Barbara Marten is a veteran presence on stage and screen with a sizable range of British TV credits that include a series regular on The Bill. The actress has returned to the West End to give a scorching performance as the imperious Sybil Birling in two-time Tony-winner Stephen Daldry’s legendary production of An Inspector Calls, the 1940s J.B. Priestley play that is back for an encore London run, this time at the Playhouse Theatre. Marten spoke one recent afternoon about the enduring appeal of a play set in 1912 that speaks to us now and of acting in the rain and on a set that collapses (on purpose!) eight times a week.
Were you surprised to find yourself part of a production that was first seen at the National Theatre in 1992, before transferring to Broadway and, many times over, to the West End?
I’d seen the Alastair Sim film [from 1954] and another adaptation for TV several years ago, but I actually hadn’t seen this particular production—even though it’s only been around for 25 years! In a way, that wasn’t a bad thing: I was quite glad to come to [the play] completely fresh.
Was it difficult finding your way into so high-concept a production [the production conceives the Birling family home as a sort of doll house on stilts, surrounded by a dank, gritty landscape]?
Stephen’s take on the production is all about music, setting and the sheer size of the piece all making a difference across three acts that we perform without an intermission, so it was a question of finding my way into that. What I discovered is that it’s a beautifully simple idea—the way, in our staging, the Birling family are people of privilege and responsibility who quite simply don’t see the lower classes; they regard them as a class apart as if they’re not quite people.
How do you interpret the set, given that the house sits at a precarious angle toward the back of the stage before it all comes crashing down?
What's so amazing about the design is the way the Birling family are almost drawn down by the Inspector from their eyrie, if you will, so that he can get at them and drive through his mission—which is to get them all to state their case and defend themselves.
Do you ever get vertigo?
There is, in fact, a slight feeling of vertigo when you first come out and we have had one cast member bump their head on the set already. The task for my character is all about navigating her extraordinary dress down the spiral staircase. I have to grab hold of it almost as if it's another character. My first thought was, what am I going to have to do to get through this eight times a week, but I've found it quite energetic, really.
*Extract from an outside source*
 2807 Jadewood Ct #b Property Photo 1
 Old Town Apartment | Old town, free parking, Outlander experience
How do you respond to the onstage rain?
I get wet—sometimes very wet. I have two costumes because it does get fairly soggy, and we have had two cast members off with tonsillitis. I tend to be all right because I'm wrapped in a blanket, but I do have drawers full of remedies.
What do you respond to in Sybil Birling—the family matriarch—as a part?
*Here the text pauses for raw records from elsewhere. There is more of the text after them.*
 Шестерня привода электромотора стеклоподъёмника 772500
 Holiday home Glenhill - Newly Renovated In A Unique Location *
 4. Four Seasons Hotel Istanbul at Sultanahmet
As it happens I grew up in County Durham and have lived in Yorkshire, where our play is set, for 25 years, so I know the industrial landscape with the cobblestones and terraced houses that our production draws upon. But I wanted not to play Sybil as a Yorkshirewoman but a representative of her class, so that we could be in London just as well as Yorkshire. The arc of the part is interesting in that I have quite a quiet time in the final act, really. It's the central section of the play that is the most high-powered for Sybil, really. She's the one the Inspector has to crack who seems to be the least sympathetic and the most defensive—until such time as she is broken.
Is it fun playing the power she at least thinks she has?
It's terribly good fun! I will say that it took me a while to adjust to the size with which you've got to pay her because she really is quite heightened; you can't get all naturalistic with it. But the fact is her attitudes are who she is and I like exposing those. It's intriguing, however briefly, to feel that power.
Have you been surprised to see so many young people at the play? I attended a sold-out matinee that consisted largely of schoolchildren.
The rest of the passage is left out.